Connecting computing with wet experiments is the most difficult wall to overcome in AI-driven R&D, and it is also the core feature of MatwingsVenus™ (Xiaowu ™). Its "conversational wet and dry closed-loop" mechanism: after the agent completes its design, the platform uses a self-built communication mechanism to import results into plasmid ordering and experimental scheduling workflows, automatically connecting to subsequent experimental tasks, driving the robot to complete sample preparation, protein purification, and functional testing, and then feeds experimental results back to AI for the next round of iteration.

This means scientists sit in front of computers using natural language to describe goals, AI automatically design, experimental platforms conduct experiments automatically, and data feedback is automatically optimized. MatwingsVenus™ ™ not only outputs sequences but also considers manufacturability—the design addresses both "functional goals" and "whether it can be produced."

MatwingsVenus™ (Xiaowu ™) integrates resources from over 50 experts and can initiate consultations at any time. This "AI Agent Expert Network Automated Experimental Platform" architecture can cover a wide range of scenarios including pharmaceuticals, industrial enzymes, biomaterials, and synthetic biology.

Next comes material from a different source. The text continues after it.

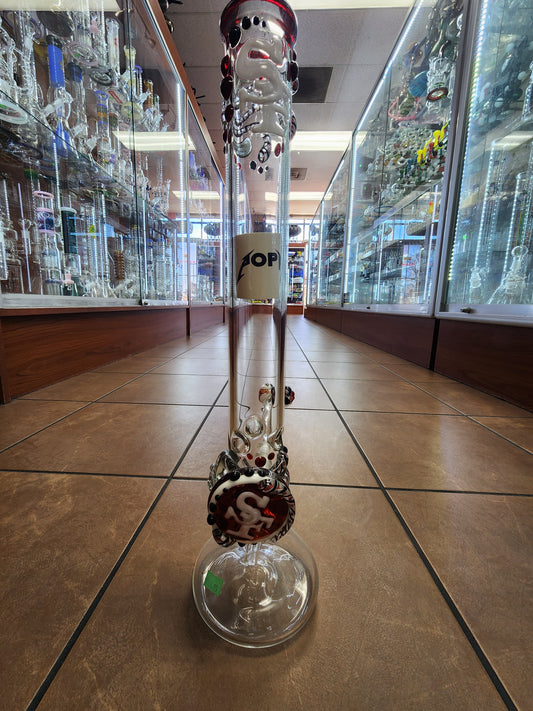 Dave "Popa" Popowitz SF Niners Beaker Bong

5. Shared Laboratories: When R&D Capabilities Are No Longer the Privilege of Large Institutions

AI-driven De novo design solves the problem of "how to design quickly," and MatwingsVenus™ (Xiaowu™) also addresses "who will verify the designs."

In traditional R&D, AI design, automated experimental equipment, and expert experience are disconnected—large institutions have the financial resources, while small teams and individuals struggle to validate good ideas. MatwingsVenus™ (Xiaowu™) breaks this barrier: users do not need to build their own experimental platform, nor manually transfer data between multiple tools; they can access the full workflow from AI design to automated wet experiments simply through natural language conversations.

This model brings high-threshold protein R&D capabilities "down from the altar," inspiring more individuals and small teams to pursue personalized innovation. From industrial enzymes to biomaterials, from plant-derived products to sustainable manufacturing, De novo design is permeating various fields. MatwingsVenus™ (Xiaowu™)’s "conversational closed-loop of dry and wet experiments" outlines the potential form of next-generation R&D: AI actively understands needs, coordinates resources, and iterates continuously, while R&D capabilities spread to every creative individual in the form of a "shared laboratory."

Ai Driven Protein de novo design

6. Challenges and Prospects

Of course, challenges still exist, but there is no denying that AI is rewriting the fundamental rules of protein development at an unprecedented pace. When AI can 'forge keys' instead of just 'finding keys,' and when intelligent agents actively coordinate the entire computational and experimental process, the creative boundaries of humans in the field of protein engineering are being broadened like never before.

MatwingsVenus™ (Xiaowu™) agents are just a ray of light in this wave of transformation. But the direction they reflect—deep integration of AI and experimentation, real-time closed loops of design and validation, democratization and widespread access to R&D capabilities—is the most promising future of this revolution.